• **Task instructions**:
If a picture appears in the records, skip it; copy everything else exactly.
####
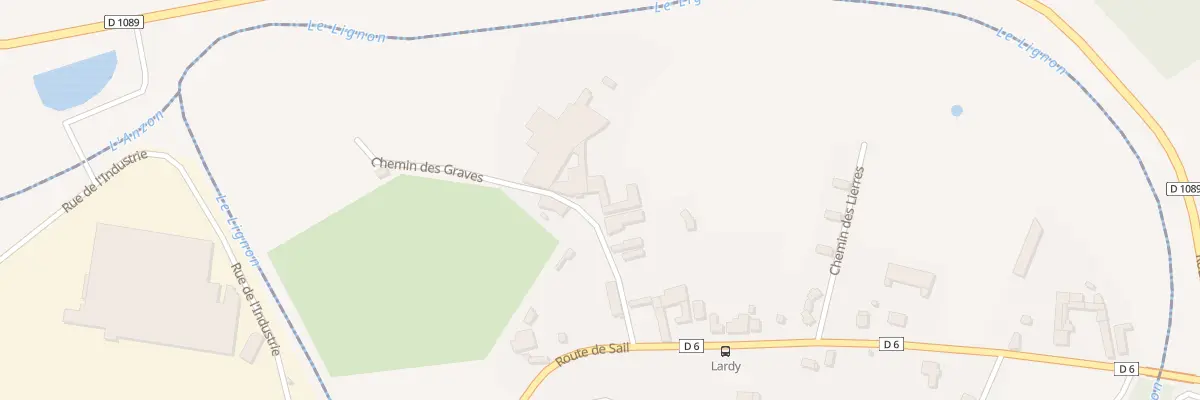 Plan du 5133 Lardy à Leigneux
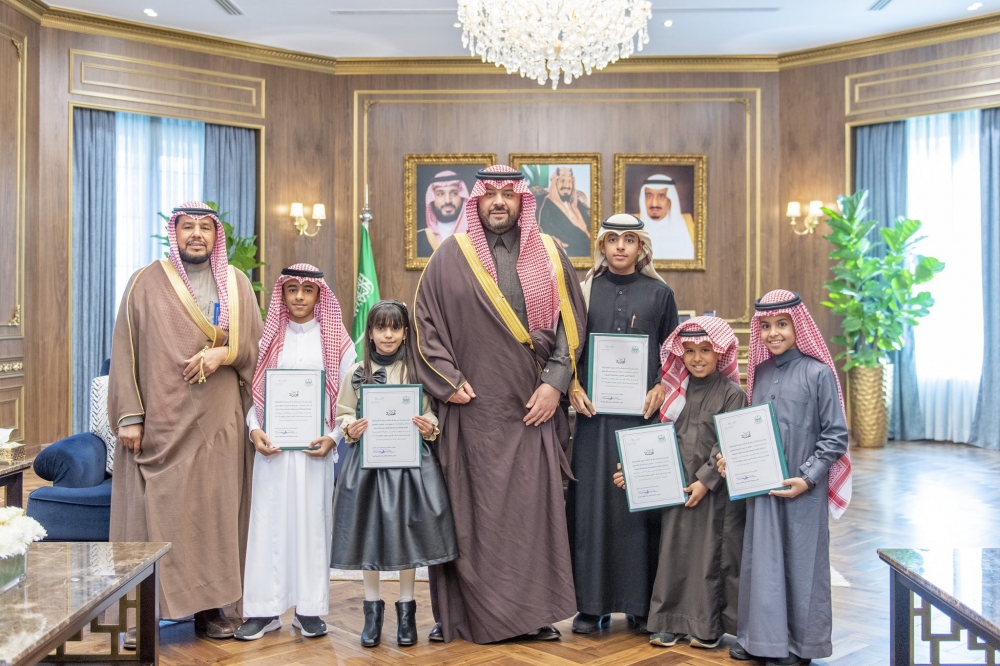 سمو أمير الحدود الشمالية يكرّم الطلاب الفائزين بجوائز مسابقة بيبراس موهبة 2022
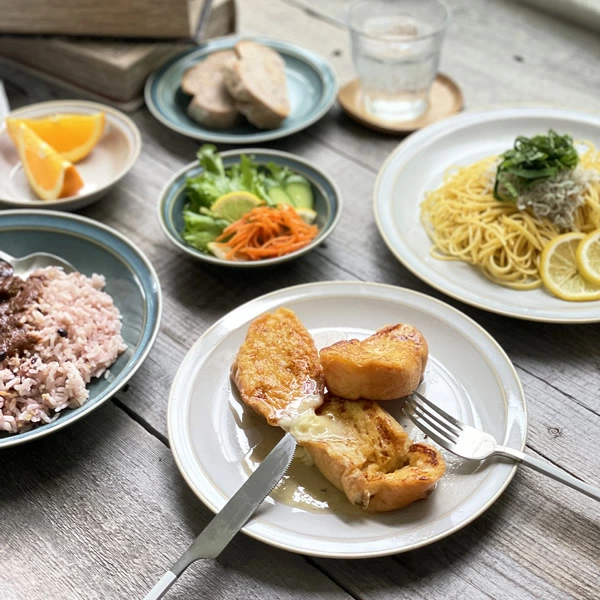 カレー皿 エッジリム22.2cmボウル パスタ皿 モダン 美濃焼 大皿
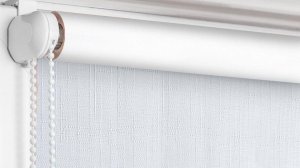 Крис BLACK-OUT белый  - обзор ткани для рулонных штор Рулонка.рус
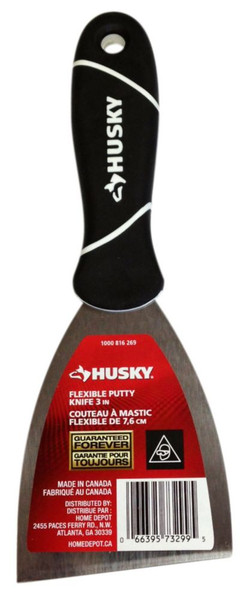 Husky 3 Inch Putty Knife, Carbon Blade 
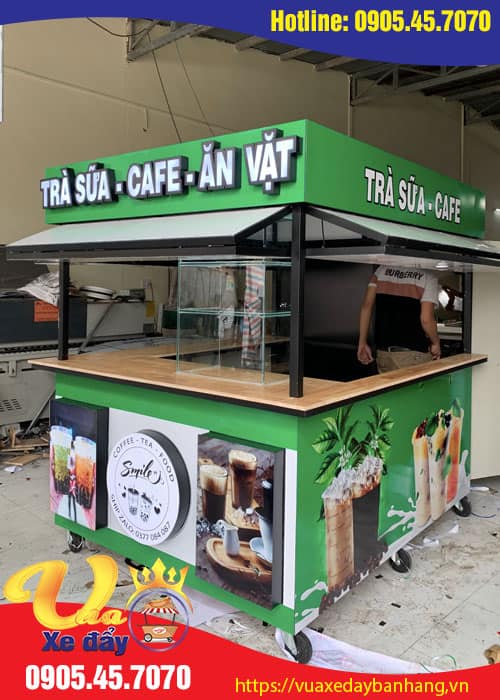 Kiot bán đồ ăn vặt với thiết kế hiện đại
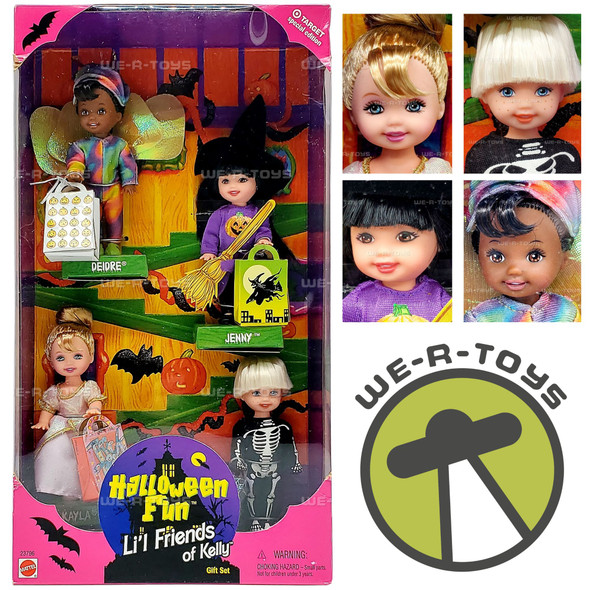 Barbie Halloween Fun Lil Friends of Kelly Gift Set 1998 Mattel 23796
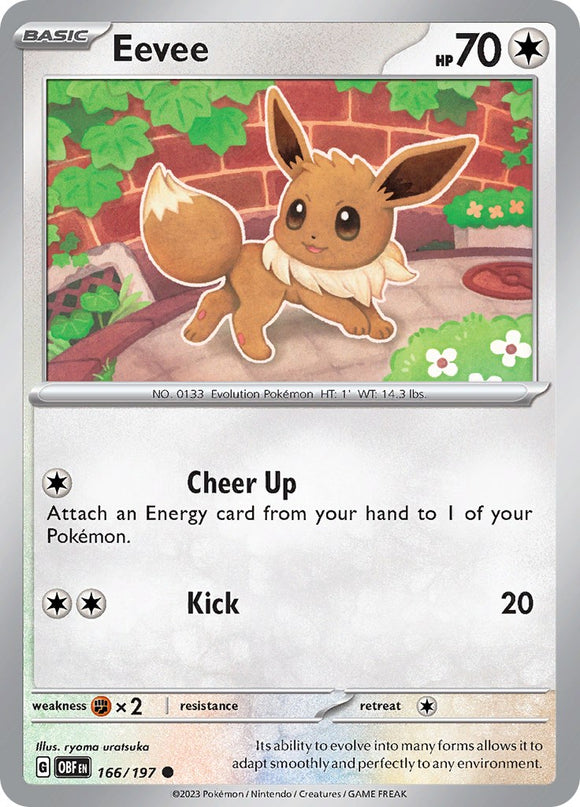 Eevee [166/197] [Obsidian Flames] Reverse Holofoil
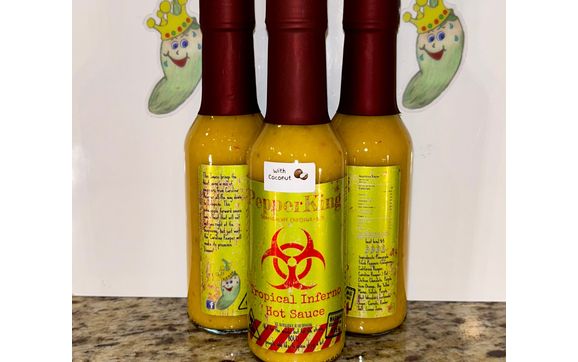 Tropical Inferno Hot Sauce by PepperKing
####
• **Response area**:
 Plan du 5133 Lardy à Leigneux
 سمو أمير الحدود الشمالية يكرّم الطلاب الفائزين بجوائز مسابقة بيبراس موهبة 2022
 カレー皿 エッジリム22.2cmボウル パスタ皿 モダン 美濃焼 大皿
 Крис BLACK-OUT белый  - обзор ткани для рулонных штор Рулонка.рус
 Husky 3 Inch Putty Knife, Carbon Blade 
 Kiot bán đồ ăn vặt với thiết kế hiện đại
 Barbie Halloween Fun Lil Friends of Kelly Gift Set 1998 Mattel 23796
 Eevee [166/197] [Obsidian Flames] Reverse Holofoil
 Tropical Inferno Hot Sauce by PepperKing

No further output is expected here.